Who benefits from the rape culture? Only the real enemy - the interests of global neoliberal capitalism who would maintain the current injustice. As long as men refuse to free themselves from rape culture, this real enemy can celebrate. This enemy can celebrate because all our strategies and all the well-planned tricks of the skilful warrior will come to naught, as long as we are not united.
Some view the conversation about the rape culture as a distraction from the ‘real’ fight. They say, “Let us fight for Rhodes Must Fall, and Fees Must Fall, first. Then later there will be time to talk about rape.” They need to recall the wisdom of the Cele elders. Without unity we cannot win.

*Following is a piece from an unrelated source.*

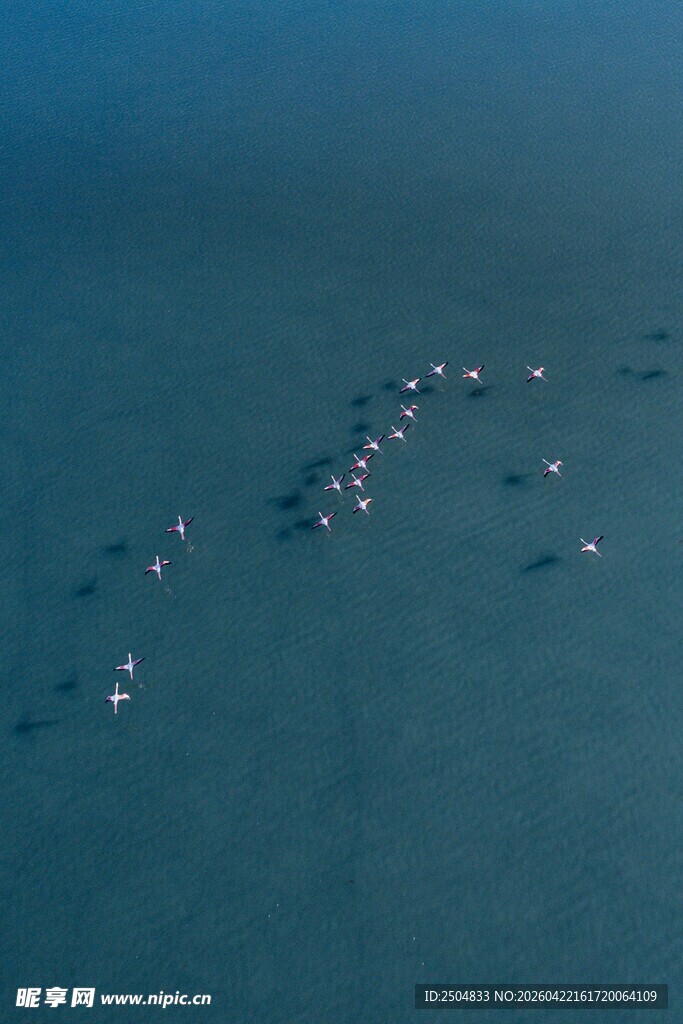 海面上成群船只排列景象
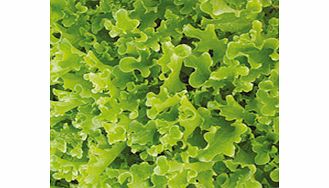 Unbranded Lettuce Ashbrook Seeds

A friend of mine observed that South African black women are rolling with ‘success’. They are rising stars in academia, innovators in industry, and entrepreneurs in business and flourishing in many other spaces. But they are leaving their men behind.
At the same time, as we have seen across South African universities, women are freeing themselves from the stigma and shame that they once felt as victims of rape, declining to be defined by a culture that blames the victim for the sins of the aggressor.
Some men, too, complain that when they try to understand the women’s struggle they are excluded or ignored.
As women gain economic and social power and personal independence, partnering with an abusive or domineering men becomes less (very much less) attractive. A black South African man who hopes to support his sense of virility by dominating women is fighting an increasingly losing battle. Happily, there is a win/win path available. When men reject the rape culture and begin to treat women as equals, entitled to every right a man enjoys, they will not only grow in their own true manhood, but will also gain a world of comrades for the struggle. Men, women are not your enemies.
The most difficult thing about fighting rape culture is that our opponents are our own brothers, and our own homeboys - the very ones with whom we want to fight, shoulder to shoulder, to make a better future. As women in the struggle we have a double burden, fighting against external oppression for our rights as people of colour, and fighting against internal oppression - the rape culture within our own organisations - for our basic human rights as women.
If there are divisions between you and your sister, there is no way you can win the fight with your neighbour. With the rape culture within our movements, we cannot win – in fact we cannot even organise a real fight against the neoliberal capitalism.
Come, men, wake up. Recognise your sisters, while you still have the chance. We are building a better world. But we need you, as you need us. Because only in unity can we win.
Sinikiwe Mqadi is a digital content producer at 702.